“Does inspiration exist? Is there some kind of guaranteed way to be inspired, to produce ‘good’ work?” Junior English major Belanna Morales aimed to answer these questions in her audio essay on what inspires writers.
“I was curious if it was random and luck, or if it was hard work or if there was something in the world that causes inspiration,” Morales said.
Throughout Misty Krueger’s English 201 class, “Public Writing,” students have learned what public writing is and how to become engaged with it. Public writing is exactly that: writing for the public, and more targeted audiences. The course emphasizes writing for the Web and public relations, and includes work in producing audio essays.
Morales, a member of the class, was unsure of where to begin. “I was stuck, so I thought to myself, what do I have in my toolbox? I study English/Creative Writing, I work as a writing tutor [at Mantor Library] and see people struggle, so I thought of ways I could help them write essays.”
From there, she delved into navigating between investigating her questions on inspiration and the software used to compile the finished product.
“One of the hardest things was figuring out how to use the software; the longest process was putting it together and making sure it sounded pretty flawless,” Morales said.
For her essay, Morales interviewed English professor Kristen Case and two students. They agreed that yes sometimes things do come to you, and especially things from your past can inspire you, but you have to make it work
“One quote I highlight is from Kristen Case, who actually quoted [Pablo] Picasso; ‘Inspiration has to find you when you’re working,’”
One quote that did not make it into the final essay from English/Creative Writing major Annie Moloney echoes this sentiment; “Writing is a ‘labor of love,’ and you need to put in the work to see your inspiration become reality.”
“For example, the more you read, the better you write,” Morales added.
For Morales personally, she revealed that inspiration comes to her from memories or images she encounters throughout the day. “I’ll be inspired by a series of events and think ‘oh I hadn’t thought of that before,’ and I’ll write about that.”
In addition to investigating inspiration, tackling such an interactive format allowed Morales to see the ways in which audio and spoken word can add to the written word.
“One friend commented that my essay sounded like a documentary because of the mix of me and clips of my interviews.
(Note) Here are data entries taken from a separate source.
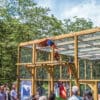 Captive-bred Scarlet Macaws are released to the wild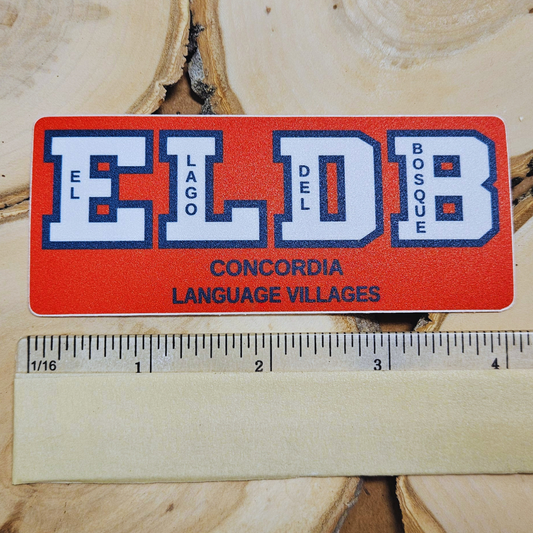 ELDB Letters Sticker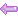 Glass Left Bullet (Purple)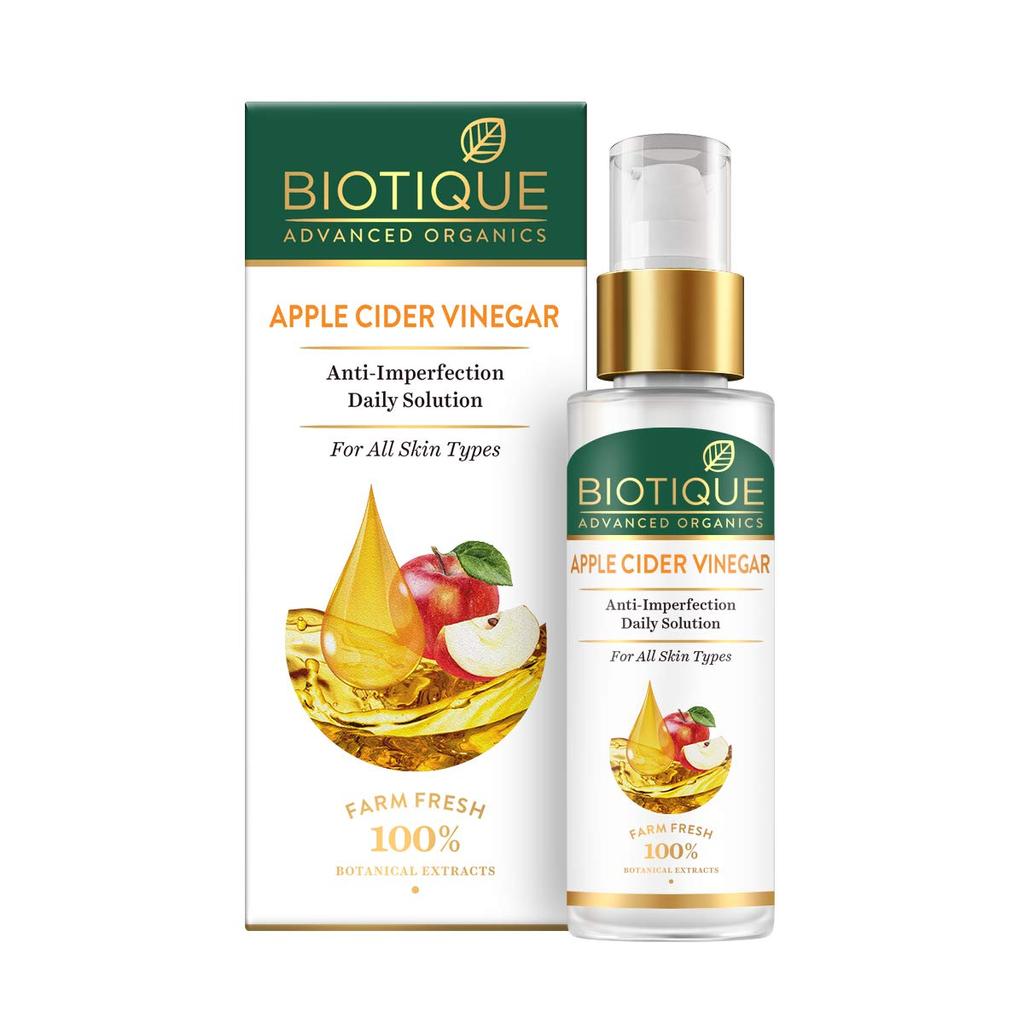 Biotique Apple Cider Vinegar Face Serum For Clear Skin, Anti-Blemish, Vegan, 30ml, Organic, Dark Spot Treatment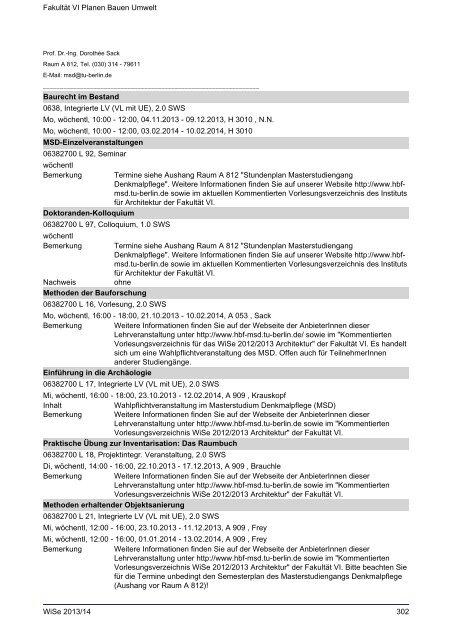 FakultÃ¤t VI Planen Bauen Umwelt - Index of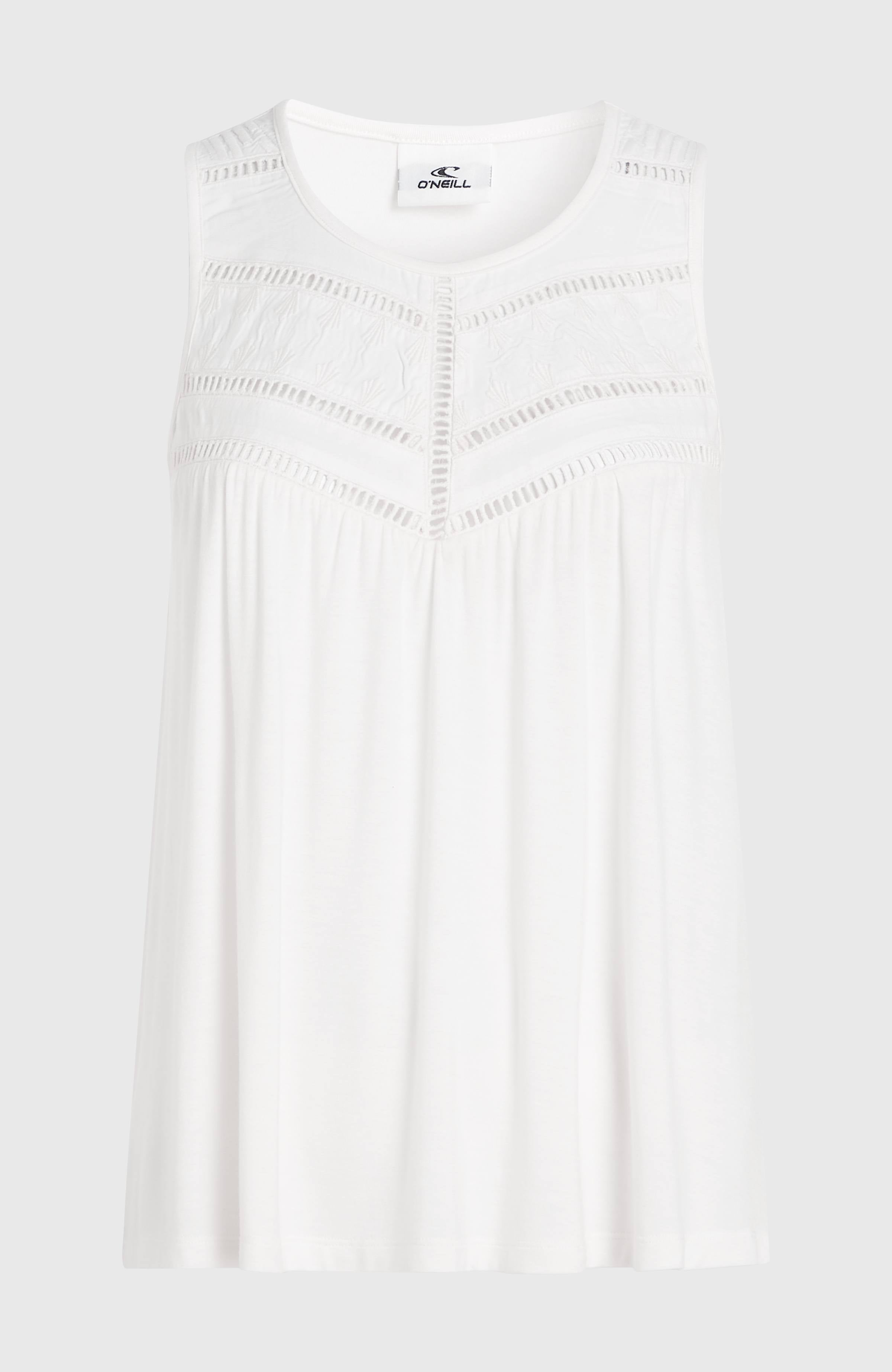 Essentials Tokeena tanktop met borduursel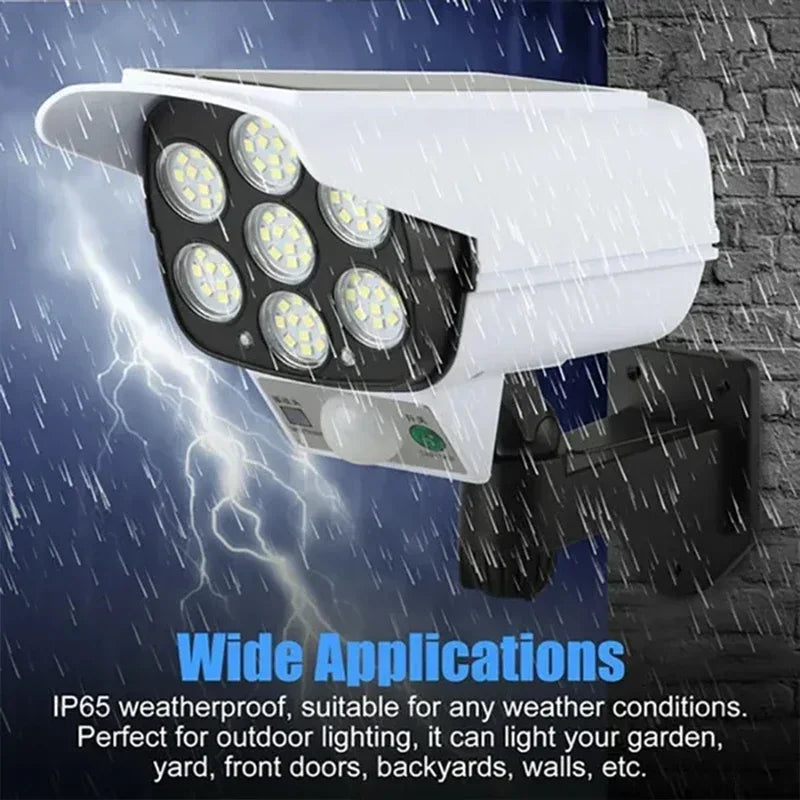 LED Motion Sensor Solar Light Dummy Security Camera
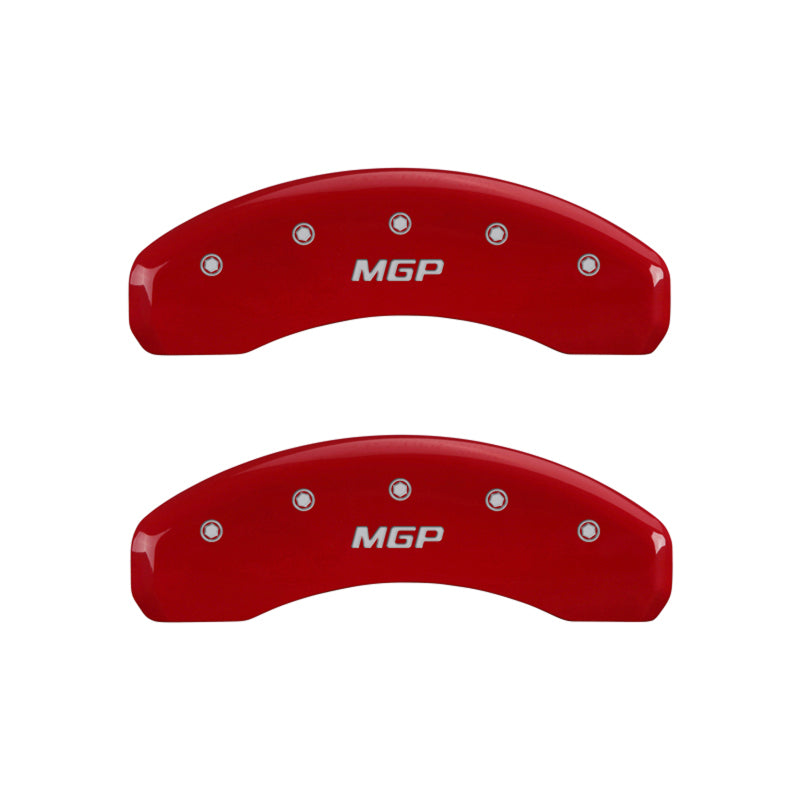 MGP 4 Caliper Covers Engraved Front & Rear MGP Red finish silver ch 25002SMGPRD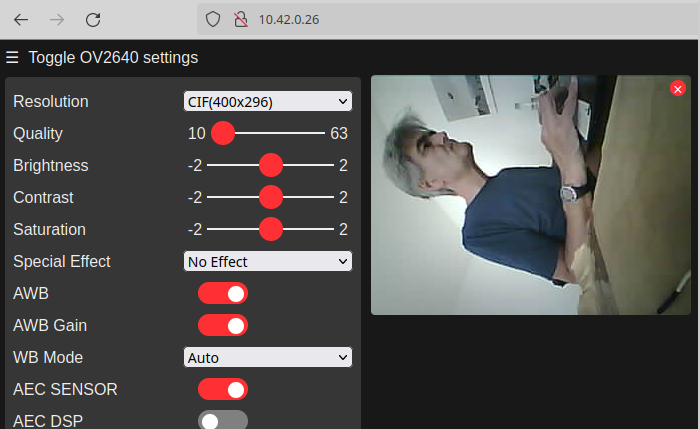 Videostreaming läuft.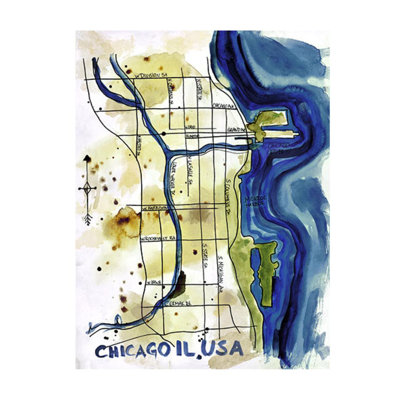 «City Tour IV» par Janice Aron - impression sur toile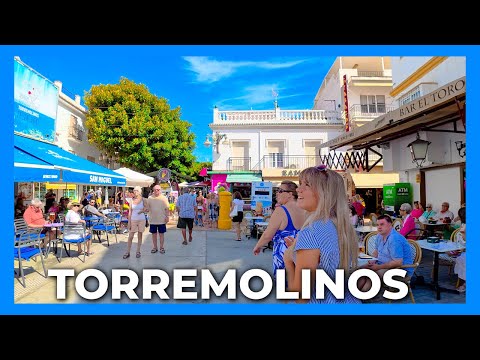 Torremolinos Spain | Bajondillo Beach to Town Center - 4K Walking Tour 2025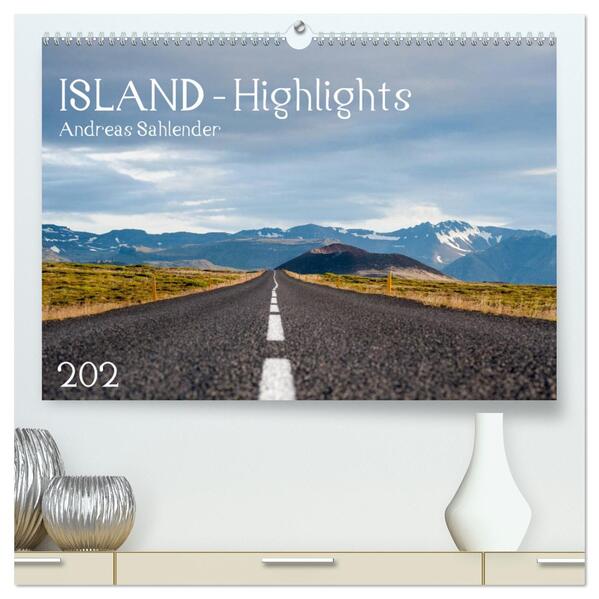 Island Highlights (hochwertiger Premium Wandkalender 2024 DIN A2 quer) Kunstdruck in Hochglanz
My listeners can get a direct comparison of what they’re saying [out loud vs. on paper],” she said. “You can’t hear [people’s] voices when you write a paper. and you can’t always have three quotes in a row.”
In addition to adding more depth to the written word, Morales observed that audio and talking out loud can break down mental barriers.
“Normally I don’t enjoy talking to strangers. I find conversation difficult, but this time it wasn’t that way,” she said. “I was so interested, any barriers I would put on myself beforehand kind of disappeared.”
“Sometimes there’s a barrier between your mind and the screen,” she added. “[During tutoring], people will be like, ‘I don’t know what to say,’ and they’ll tell me what they want to say and I’ll be like, ‘that’s great! Write that down!’ It’s great to take down that barrier; people don’t feel so much pressure to phrase things a certain way when they’re talking.”
Although she is not sure when she’ll have the opportunity to do another project like this, Morales said that she would like to do more audio essays in the future.
“Everyone should take this class!” Morales exclaimed with a laugh.